Knowledge graph maturity: The graph capability is real but newer than the flat memory system. Expect the graph traversal quality to improve over time as the iii engine matures.
Benchmark comparison
Retrieval R@5 by Memory Approach
─────────────────────────────────────────────────────────────
No memory (stateless)
0% ▓▓ 0%
└──┘
Naive context dump (full history in system prompt)
60-70% ▓▓▓▓▓▓▓▓▓▓▓▓▓▓▓▓▓▓▓▓▓▓▓▓▓▓▓▓▓▓▓▓ ~65%
└────────────────────────────────┘
Semantic-only vector search
80-85% ▓▓▓▓▓▓▓▓▓▓▓▓▓▓▓▓▓▓▓▓▓▓▓▓▓▓▓▓▓▓▓▓▓▓▓▓▓▓▓▓▓ ~83%
└─────────────────────────────────────────┘
agentmemory hybrid (semantic + BM25 + confidence)
95.2% ▓▓▓▓▓▓▓▓▓▓▓▓▓▓▓▓▓▓▓▓▓▓▓▓▓▓▓▓▓▓▓▓▓▓▓▓▓▓▓▓▓▓▓▓▓▓▓▓ 95.2%
└────────────────────────────────────────────────┘
─────────────────────────────────────────────────────────────
0% 100%
Notes:
· Naive dump also burns 10-50× more tokens per session.
· Semantic-only misses exact identifier / error-code matches.
· agentmemory hybrid fuses both signals via RRF before scoring.
The gap between semantic-only (83%) and hybrid (95.2%) represents roughly 1 in 8 queries where semantic search would miss a relevant memory that hybrid search catches. For a developer working eight hours a day with an agent, that is a meaningful difference in agent behavior.
Conclusion
agentmemory addresses a real, concrete problem in the current state of AI coding agents. Stateless sessions are not a minor inconvenience — they are a structural tax on every engineer using these tools, paid in re-explanation time every morning.
The technical architecture is sound: hybrid search for retrieval quality, confidence decay to prevent stale context, knowledge graphs for relational recall, and zero external dependencies for deployment simplicity.
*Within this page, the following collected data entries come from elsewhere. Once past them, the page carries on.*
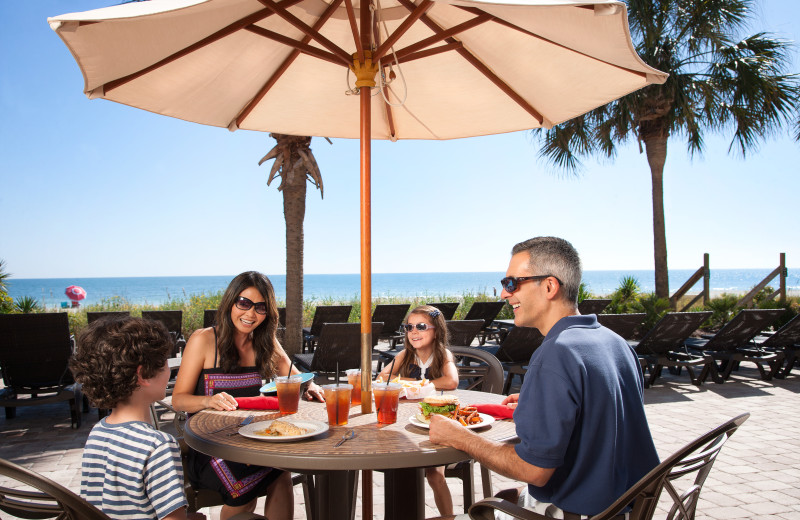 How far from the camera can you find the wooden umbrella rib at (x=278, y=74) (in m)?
2.80

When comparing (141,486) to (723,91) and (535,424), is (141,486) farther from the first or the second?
(723,91)

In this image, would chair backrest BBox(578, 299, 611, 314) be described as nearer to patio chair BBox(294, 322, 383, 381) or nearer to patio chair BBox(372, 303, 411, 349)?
patio chair BBox(372, 303, 411, 349)

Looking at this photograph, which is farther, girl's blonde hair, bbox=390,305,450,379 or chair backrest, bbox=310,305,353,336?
chair backrest, bbox=310,305,353,336

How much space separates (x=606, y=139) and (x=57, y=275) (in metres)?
134

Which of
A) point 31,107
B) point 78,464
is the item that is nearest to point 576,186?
point 31,107

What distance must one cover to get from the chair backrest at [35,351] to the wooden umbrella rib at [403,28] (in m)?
4.60

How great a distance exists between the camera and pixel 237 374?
9.34 feet

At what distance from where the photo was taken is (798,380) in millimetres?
7918

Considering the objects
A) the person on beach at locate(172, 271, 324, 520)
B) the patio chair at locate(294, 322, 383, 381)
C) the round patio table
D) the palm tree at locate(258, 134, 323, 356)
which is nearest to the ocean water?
the palm tree at locate(258, 134, 323, 356)

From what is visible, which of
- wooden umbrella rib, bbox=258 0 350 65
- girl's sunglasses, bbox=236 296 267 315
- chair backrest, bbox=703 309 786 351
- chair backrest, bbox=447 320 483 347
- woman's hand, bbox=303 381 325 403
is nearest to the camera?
wooden umbrella rib, bbox=258 0 350 65

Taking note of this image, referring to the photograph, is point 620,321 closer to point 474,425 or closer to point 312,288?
point 474,425

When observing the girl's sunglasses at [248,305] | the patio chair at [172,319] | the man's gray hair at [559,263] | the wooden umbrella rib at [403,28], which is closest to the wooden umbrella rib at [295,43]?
the wooden umbrella rib at [403,28]

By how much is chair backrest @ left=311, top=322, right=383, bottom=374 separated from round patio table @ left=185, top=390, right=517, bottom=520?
3446mm

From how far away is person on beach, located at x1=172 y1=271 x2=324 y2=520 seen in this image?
2.49m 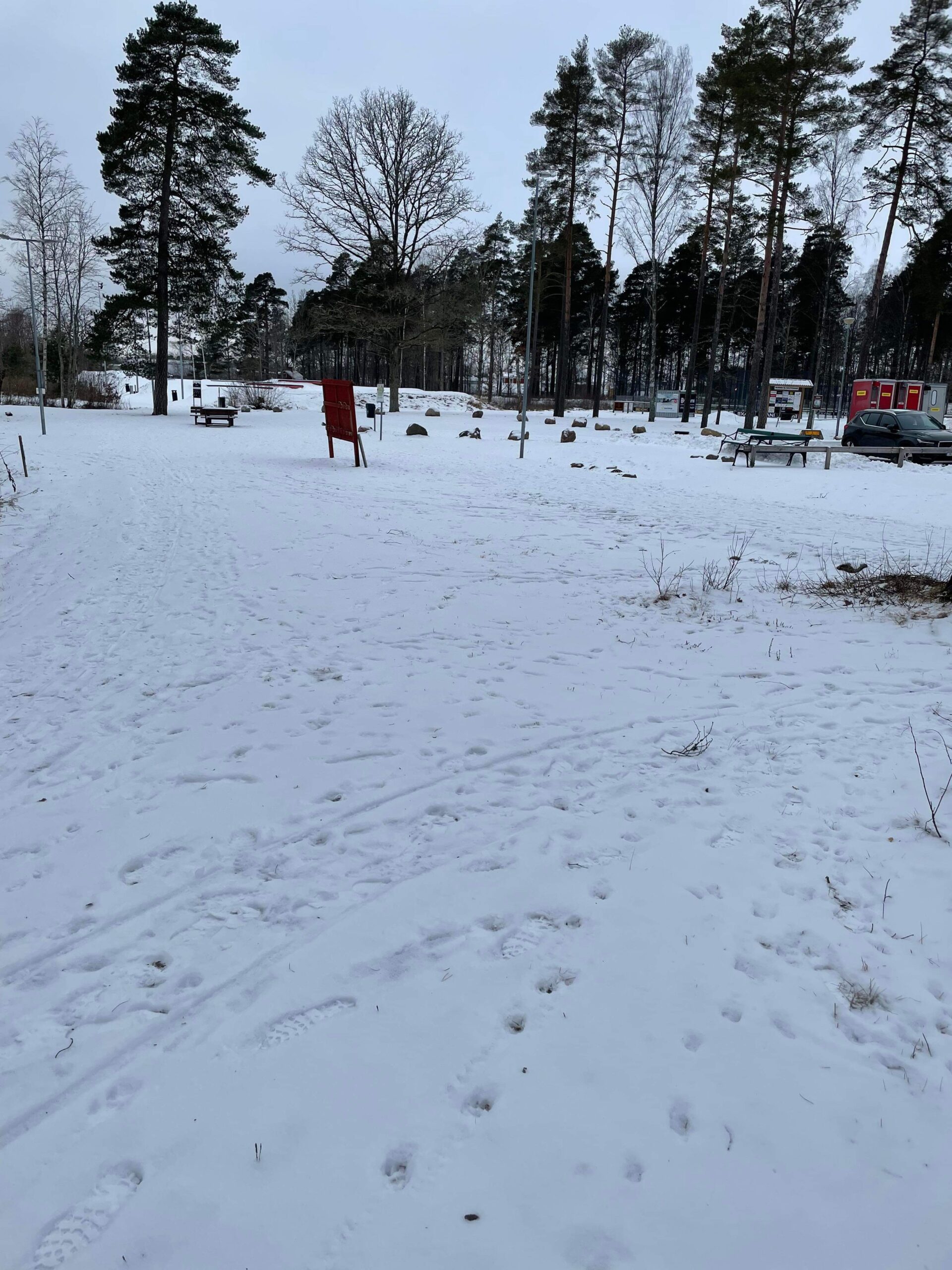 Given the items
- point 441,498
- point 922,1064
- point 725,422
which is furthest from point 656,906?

The hook-based auto-integration with Claude Code and Codex CLI is the right design — memory that requires manual intervention gets forgotten.
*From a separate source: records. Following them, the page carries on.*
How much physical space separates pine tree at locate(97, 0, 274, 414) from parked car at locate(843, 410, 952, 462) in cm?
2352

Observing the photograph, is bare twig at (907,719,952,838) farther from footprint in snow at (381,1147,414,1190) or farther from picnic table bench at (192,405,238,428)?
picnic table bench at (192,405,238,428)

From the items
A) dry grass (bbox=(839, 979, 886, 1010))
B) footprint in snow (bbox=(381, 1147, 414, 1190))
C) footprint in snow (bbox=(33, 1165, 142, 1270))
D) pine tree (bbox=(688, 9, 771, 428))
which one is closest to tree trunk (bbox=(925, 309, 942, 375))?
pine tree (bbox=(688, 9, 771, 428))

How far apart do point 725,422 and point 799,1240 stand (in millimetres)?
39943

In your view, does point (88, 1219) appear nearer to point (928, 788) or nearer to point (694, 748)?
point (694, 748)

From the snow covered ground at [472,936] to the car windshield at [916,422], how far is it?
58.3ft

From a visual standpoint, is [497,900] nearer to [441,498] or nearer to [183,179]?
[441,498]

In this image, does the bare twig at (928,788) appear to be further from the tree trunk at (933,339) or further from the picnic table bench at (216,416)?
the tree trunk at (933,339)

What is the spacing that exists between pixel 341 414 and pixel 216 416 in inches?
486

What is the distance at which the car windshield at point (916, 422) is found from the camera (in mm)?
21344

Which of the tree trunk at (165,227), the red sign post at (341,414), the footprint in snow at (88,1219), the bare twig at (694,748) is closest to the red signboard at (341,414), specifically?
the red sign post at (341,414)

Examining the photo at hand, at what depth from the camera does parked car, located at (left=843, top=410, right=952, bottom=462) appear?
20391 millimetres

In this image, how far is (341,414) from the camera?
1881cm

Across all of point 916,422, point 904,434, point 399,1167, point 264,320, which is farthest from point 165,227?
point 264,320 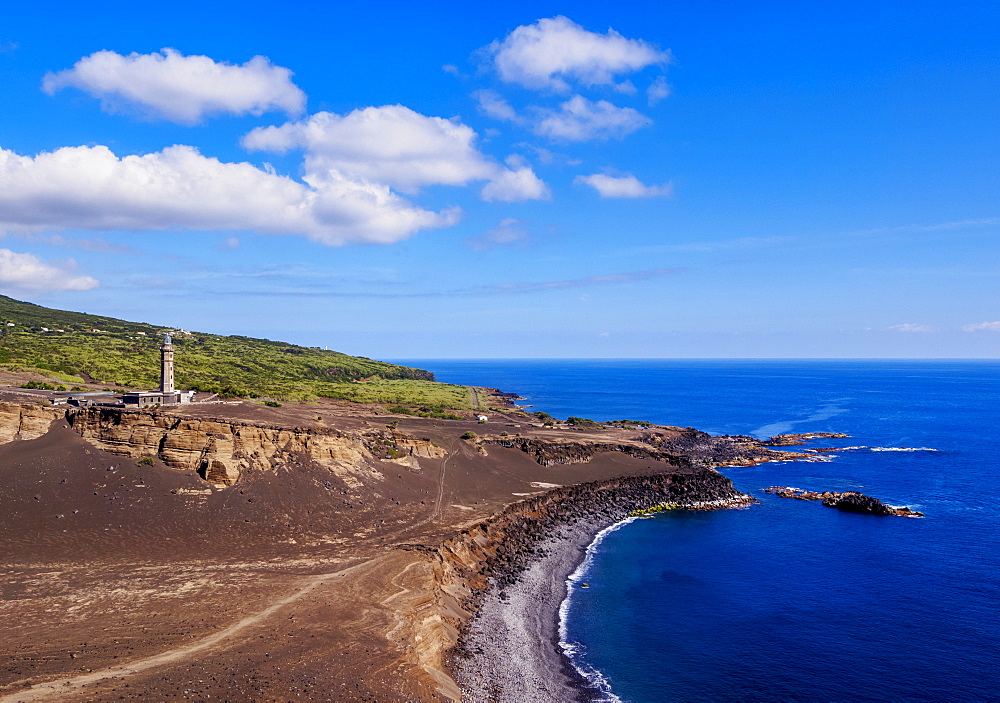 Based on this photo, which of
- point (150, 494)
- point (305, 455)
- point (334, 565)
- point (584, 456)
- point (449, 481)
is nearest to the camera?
point (334, 565)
The caveats are real: the benchmark is on a controlled corpus, the experience degrades gracefully on MCP-only clients, and the local-only storage is a constraint for team workflows. None of these are dealbreakers for a single developer looking to eliminate cold-start friction.
The design document alone — a GitHub Gist with 1,200+ stars and 172 forks before the implementation shipped — is evidence that this problem resonates. The implementation now has 8,825 stars and a 827-test passing suite. That is not hype. That is a project that found a genuine gap and shipped something technically credible to fill it.
If you work with AI coding agents daily and the cold-start problem costs you real time, agentmemory is worth an hour of setup.